I try to console myself by saying, Don't worry, everyone does it. Everyone drops a class, eventually... but it doesn't help. It does nothing... So i sit, and i look at the irrational self-loathing, and, as i write it down, to perhaps absolve myself, i feel an air of facetiousness, creeping into the writings... And i don't mean it to. This was/is really bothering me....

"But it wasn't lending anything to my other courses, and the book was so damned expensive!" he cried. "I'll take the class, when i'm doing more logistically-based courses. It'll work better, that way... You'll see..." After his excuses had been made, he sat and stared at his hands, waiting for some word of approval, agreement, or derision...

Anyway, i did buy my books, today, and they came out to $215.87, for four books, each with less than three hundred pages.

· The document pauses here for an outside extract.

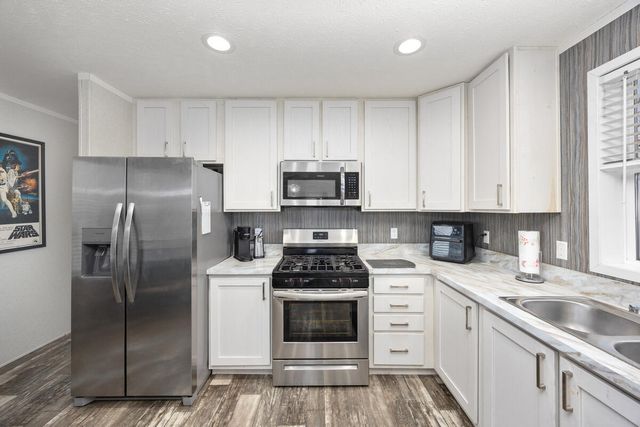 6939 Vinewood Avenue, Belmont, MI 49306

Huzzah. And i've still one more, to go. *sigh*... Here's hoping that i don't have any more dreams about crazed, once-friendly individuals, trying to kill me, tonight. There were other portions of that dream, that came to me during the day. Like something having to do with an arcade, again... Very odd.. set up like a house i saw today, too.. Blech..

Anyway, babbling, and i think it's time to watch "Titus," again. Or maybe, "The Insider," from the beginning... Who knows... I'll see you all later.

Dream Well

Date: 2002-08-25 07:19 pm (UTC)
From: [identity profile] kitsuchan.livejournal.com
*hugs* droping a class is hard. It beats droppng a whole year, though. Take it when it works better for you.

Date: 2002-08-25 07:57 pm (UTC)
From: [identity profile] wolven.livejournal.com
*hugs* Thank you.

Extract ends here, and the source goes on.